[Date Prev][Date Next][Thread Prev][Thread Next][Date Index][Thread Index]

Re: [Condor-users] Standard Universe blues...



Hi,

back from Christams holidays...

Kewley, J (John) writes:
 > It sounds like you want the checkpointing facility of "standard" universe
 > without the shadow/IO handling abilities (actually quite useful from
 > a security point of view).
 > 
 > I am sure there was one way of getting this, but can't remember the best
 > way to do it. I am sure someone else will post it. In the meantime ...
 > 
 > Is it possible to use:
 > ===
 >   local_files = file1,file2,...
 > 
 >     If your job attempts to access a file mentioned in this list, Condor will cause
 >     it to be read or written at the execution machine. This is most useful for
 >     temporary files not used for input or output. This list uses the same syntax
 >     as compress_files, shown above. 
 > 
 >     local_files = /tmp/*
 > 
 >     This option only applies to standard-universe jobs. 
 > ===
 > 
 > for instance you could create a tmp dir in your execute directory and
 > have local_files = tmp/*       # I hope relative names are OK
 > adding tmp/* to your transfer_output_files might be possible to avoid
 > copying them up a level, but use of that option brings with it warnings in the manual.


thanks for the suggestion.

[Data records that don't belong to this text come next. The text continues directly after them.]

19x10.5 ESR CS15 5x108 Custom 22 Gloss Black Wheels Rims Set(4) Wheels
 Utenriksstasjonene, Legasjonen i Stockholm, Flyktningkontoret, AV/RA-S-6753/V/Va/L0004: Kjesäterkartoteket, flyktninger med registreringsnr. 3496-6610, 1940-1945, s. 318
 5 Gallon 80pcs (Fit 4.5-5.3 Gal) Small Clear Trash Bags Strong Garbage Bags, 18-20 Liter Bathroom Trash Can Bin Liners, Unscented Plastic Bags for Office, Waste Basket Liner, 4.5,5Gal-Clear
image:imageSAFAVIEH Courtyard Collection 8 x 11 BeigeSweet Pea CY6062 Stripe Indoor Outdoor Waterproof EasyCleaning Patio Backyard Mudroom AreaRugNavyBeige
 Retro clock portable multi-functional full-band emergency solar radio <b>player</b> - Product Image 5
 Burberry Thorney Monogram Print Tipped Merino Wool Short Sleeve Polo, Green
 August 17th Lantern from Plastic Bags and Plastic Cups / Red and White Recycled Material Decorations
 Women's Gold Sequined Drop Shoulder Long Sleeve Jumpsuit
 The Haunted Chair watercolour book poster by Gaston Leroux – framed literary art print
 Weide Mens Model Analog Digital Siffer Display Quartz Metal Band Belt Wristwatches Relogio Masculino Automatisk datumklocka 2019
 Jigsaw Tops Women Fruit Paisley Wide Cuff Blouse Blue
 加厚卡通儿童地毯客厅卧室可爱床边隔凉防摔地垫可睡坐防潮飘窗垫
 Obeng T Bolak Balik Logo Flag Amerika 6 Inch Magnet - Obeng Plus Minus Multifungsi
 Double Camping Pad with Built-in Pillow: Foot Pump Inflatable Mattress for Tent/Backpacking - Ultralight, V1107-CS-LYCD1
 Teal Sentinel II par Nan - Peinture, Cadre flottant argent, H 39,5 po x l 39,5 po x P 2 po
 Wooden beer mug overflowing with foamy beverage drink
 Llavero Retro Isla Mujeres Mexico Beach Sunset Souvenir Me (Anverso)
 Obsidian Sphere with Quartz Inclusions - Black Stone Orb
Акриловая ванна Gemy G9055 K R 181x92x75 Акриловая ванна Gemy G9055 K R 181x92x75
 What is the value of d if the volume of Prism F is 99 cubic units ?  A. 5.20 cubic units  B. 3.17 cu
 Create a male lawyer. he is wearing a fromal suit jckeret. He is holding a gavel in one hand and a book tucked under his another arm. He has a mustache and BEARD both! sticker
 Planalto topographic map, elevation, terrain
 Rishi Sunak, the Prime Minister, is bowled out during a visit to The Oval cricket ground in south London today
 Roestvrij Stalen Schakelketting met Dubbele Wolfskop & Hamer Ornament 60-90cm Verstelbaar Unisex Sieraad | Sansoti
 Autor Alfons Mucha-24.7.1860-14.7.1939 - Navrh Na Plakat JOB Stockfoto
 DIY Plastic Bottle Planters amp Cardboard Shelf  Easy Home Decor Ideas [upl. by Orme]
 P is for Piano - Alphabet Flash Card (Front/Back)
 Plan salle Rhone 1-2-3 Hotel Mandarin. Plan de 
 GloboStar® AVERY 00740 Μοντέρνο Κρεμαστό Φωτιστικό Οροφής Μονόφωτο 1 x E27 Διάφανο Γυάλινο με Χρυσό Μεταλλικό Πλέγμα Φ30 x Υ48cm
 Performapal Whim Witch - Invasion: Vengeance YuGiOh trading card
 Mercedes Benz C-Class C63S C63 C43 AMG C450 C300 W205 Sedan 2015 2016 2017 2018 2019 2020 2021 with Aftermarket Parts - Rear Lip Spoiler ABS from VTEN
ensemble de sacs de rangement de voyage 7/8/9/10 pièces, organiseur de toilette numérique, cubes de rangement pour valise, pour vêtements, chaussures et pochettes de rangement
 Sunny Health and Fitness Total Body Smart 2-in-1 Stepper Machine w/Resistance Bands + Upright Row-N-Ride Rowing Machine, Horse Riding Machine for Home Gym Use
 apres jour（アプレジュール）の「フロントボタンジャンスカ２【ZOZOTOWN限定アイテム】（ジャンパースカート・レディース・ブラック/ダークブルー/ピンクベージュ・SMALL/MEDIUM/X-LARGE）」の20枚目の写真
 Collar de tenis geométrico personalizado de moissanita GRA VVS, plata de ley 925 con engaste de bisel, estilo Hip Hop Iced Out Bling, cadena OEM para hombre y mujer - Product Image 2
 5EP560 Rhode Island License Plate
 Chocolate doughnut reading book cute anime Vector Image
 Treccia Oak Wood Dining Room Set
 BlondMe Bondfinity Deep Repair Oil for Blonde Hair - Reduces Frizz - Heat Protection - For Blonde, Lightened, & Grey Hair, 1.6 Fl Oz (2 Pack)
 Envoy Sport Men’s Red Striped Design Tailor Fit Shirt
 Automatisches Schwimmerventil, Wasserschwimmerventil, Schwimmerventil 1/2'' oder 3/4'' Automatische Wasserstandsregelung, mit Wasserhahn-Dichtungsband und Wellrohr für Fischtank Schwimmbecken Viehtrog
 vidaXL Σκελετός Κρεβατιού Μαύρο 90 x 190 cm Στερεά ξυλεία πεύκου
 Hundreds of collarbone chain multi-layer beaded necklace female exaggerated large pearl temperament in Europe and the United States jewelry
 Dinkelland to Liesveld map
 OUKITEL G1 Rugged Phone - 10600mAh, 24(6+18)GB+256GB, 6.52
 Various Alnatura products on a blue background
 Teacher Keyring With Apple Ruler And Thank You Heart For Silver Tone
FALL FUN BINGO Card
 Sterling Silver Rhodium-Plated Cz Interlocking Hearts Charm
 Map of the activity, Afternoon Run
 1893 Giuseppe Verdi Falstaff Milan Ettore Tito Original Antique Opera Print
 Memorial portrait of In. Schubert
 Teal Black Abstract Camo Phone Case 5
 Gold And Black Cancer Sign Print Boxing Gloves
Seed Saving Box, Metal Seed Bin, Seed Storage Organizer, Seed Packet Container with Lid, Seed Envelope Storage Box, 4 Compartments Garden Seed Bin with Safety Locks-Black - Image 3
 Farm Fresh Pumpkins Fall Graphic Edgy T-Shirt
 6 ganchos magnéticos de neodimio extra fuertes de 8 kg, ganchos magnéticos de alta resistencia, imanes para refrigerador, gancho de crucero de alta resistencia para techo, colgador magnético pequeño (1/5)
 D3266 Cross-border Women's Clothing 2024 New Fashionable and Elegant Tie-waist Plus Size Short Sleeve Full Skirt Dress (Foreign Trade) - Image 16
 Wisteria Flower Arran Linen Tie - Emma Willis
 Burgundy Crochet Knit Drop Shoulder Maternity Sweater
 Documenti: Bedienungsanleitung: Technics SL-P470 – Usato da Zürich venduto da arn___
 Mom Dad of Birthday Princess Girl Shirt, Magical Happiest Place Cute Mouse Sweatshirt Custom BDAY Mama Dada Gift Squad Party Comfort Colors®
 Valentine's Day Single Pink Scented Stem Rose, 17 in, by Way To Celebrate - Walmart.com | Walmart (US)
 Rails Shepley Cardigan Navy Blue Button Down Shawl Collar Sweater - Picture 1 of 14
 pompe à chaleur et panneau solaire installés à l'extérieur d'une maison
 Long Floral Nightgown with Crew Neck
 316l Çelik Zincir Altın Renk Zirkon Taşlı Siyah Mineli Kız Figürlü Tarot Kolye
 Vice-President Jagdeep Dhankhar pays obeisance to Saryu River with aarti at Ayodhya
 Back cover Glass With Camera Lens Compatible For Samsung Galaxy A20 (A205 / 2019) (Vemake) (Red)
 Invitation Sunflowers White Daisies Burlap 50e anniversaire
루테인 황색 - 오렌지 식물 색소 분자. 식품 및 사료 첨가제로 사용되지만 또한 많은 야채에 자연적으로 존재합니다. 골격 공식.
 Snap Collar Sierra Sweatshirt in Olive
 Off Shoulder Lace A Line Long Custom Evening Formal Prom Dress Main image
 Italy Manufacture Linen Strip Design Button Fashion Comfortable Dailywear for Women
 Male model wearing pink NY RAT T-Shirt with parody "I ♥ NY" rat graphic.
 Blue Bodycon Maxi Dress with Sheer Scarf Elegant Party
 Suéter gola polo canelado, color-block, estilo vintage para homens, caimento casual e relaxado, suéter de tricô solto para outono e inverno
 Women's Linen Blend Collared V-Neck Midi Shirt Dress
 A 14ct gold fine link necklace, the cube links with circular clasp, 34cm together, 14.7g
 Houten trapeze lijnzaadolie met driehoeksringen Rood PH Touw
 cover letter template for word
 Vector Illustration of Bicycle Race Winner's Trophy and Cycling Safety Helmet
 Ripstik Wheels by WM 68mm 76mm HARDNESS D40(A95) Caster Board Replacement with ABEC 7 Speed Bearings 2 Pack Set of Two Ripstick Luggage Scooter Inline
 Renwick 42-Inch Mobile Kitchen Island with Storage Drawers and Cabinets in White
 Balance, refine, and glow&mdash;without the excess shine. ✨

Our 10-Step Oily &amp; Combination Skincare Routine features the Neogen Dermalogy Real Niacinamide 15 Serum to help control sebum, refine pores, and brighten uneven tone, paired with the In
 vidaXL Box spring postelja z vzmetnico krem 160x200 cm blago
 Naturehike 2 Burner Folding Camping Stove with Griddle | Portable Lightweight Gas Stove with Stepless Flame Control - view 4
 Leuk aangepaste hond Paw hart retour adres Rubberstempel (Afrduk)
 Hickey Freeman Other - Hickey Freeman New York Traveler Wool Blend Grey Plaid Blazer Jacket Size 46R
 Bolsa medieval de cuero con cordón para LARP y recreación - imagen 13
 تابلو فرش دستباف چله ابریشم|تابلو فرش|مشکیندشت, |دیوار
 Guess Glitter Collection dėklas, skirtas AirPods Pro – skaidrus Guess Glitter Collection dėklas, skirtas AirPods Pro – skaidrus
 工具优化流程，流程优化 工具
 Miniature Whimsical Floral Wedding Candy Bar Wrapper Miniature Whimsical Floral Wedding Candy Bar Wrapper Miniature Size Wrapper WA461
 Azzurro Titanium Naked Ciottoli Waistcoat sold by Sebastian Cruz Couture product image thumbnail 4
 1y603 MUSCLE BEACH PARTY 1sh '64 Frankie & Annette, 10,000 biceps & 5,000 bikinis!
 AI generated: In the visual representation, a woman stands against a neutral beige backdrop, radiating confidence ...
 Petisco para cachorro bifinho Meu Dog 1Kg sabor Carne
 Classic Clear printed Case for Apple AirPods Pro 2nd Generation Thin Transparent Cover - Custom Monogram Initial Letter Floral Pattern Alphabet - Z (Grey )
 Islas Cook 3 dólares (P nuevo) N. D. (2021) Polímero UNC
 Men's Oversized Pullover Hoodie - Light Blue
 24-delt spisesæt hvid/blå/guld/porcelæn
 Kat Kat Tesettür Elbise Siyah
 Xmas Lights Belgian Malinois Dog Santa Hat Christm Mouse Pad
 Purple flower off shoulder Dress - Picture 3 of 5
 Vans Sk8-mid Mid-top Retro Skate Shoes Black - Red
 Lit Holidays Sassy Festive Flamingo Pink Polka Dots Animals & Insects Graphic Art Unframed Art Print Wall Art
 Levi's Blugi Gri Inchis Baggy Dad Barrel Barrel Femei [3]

I would love to know how to get the standard universe
without the shadow/IO abilities, anyone?

For the moment I tried to give a second look into the local_files stuff, but I
don't see how I could get this to work For our code we have a "input" directory
with loads of files, some of which are read at startup time, and others are
written, then read, written, etc.

If I was to use this approach I would need to be able to transfer the input
directory to the executing machine first. If in the submit file I put 

executable = fixgal
[...]
local_files = input/

should_transfer_files = YES
when_to_transfer_output = ON_EXIT_OR_EVICT

transfer_input_files = input/*
transfer_output_files = input/*

I get :

ERROR: Can't open "/scratch/angelv/Work/guillermo_condor3/input/*"  with flags
00

---------
If I try with a script that just decompresses the input:

executable = fixgal.pl
universe = standard
[...]
local_files = input/

should_transfer_files = YES
when_to_transfer_output = ON_EXIT_OR_EVICT

transfer_input_files = input.tar.gz, fixgal
transfer_output_files = input/*

allow_startup_script = True

then I get this in the Shadow Log

1/3 12:38:23 (1060.0) (10851):My_UID_Domain = "iac.es"
1/3 12:38:24 (1060.0) (10851):	Entering pseudo_get_file_stream
1/3 12:38:24 (1060.0) (10851):	file = "/scratch/condor/spool/cluster1060.ickpt.subproc0"
1/3 12:38:24 (1060.0) (10851):	161.72.81.187
1/3 12:38:24 (1060.0) (10851):	161.72.81.187
1/3 12:38:24 (1060.0) (10851):Reaped child status - pid 10852 exited with status 0
1/3 12:38:24 (1060.0) (10851):Read: tar (child): input.tar.gz: Cannot open: No such file or directory
1/3 12:38:24 (1060.0) (10851):Read: tar (child): Error is not recoverable: exiting now
1/3 12:38:24 (1060.0) (10851):Read: tar: Child returned status 2
1/3 12:38:24 (1060.0) (10851):Read: tar: Error in writing to standard output
1/3 12:38:24 (1060.0) (10851):Read: tar: Error is not recoverable: exiting now
1/3 12:38:24 (1060.0) (10851):Read: chmod: failed to get attributes of `fixgal': No such file or directory
1/3 12:38:24 (1060.0) (10851):Shadow: Job 1060.0 exited, termsig = 0, coredump = 0, retcode = 0
1/3 12:38:24 (1060.0) (10851):Shadow: Job exited normally with status 0


So it looks like I cannot transfer files as in the vanilla universe? (The file
input.tar.gz is in the submitting directory).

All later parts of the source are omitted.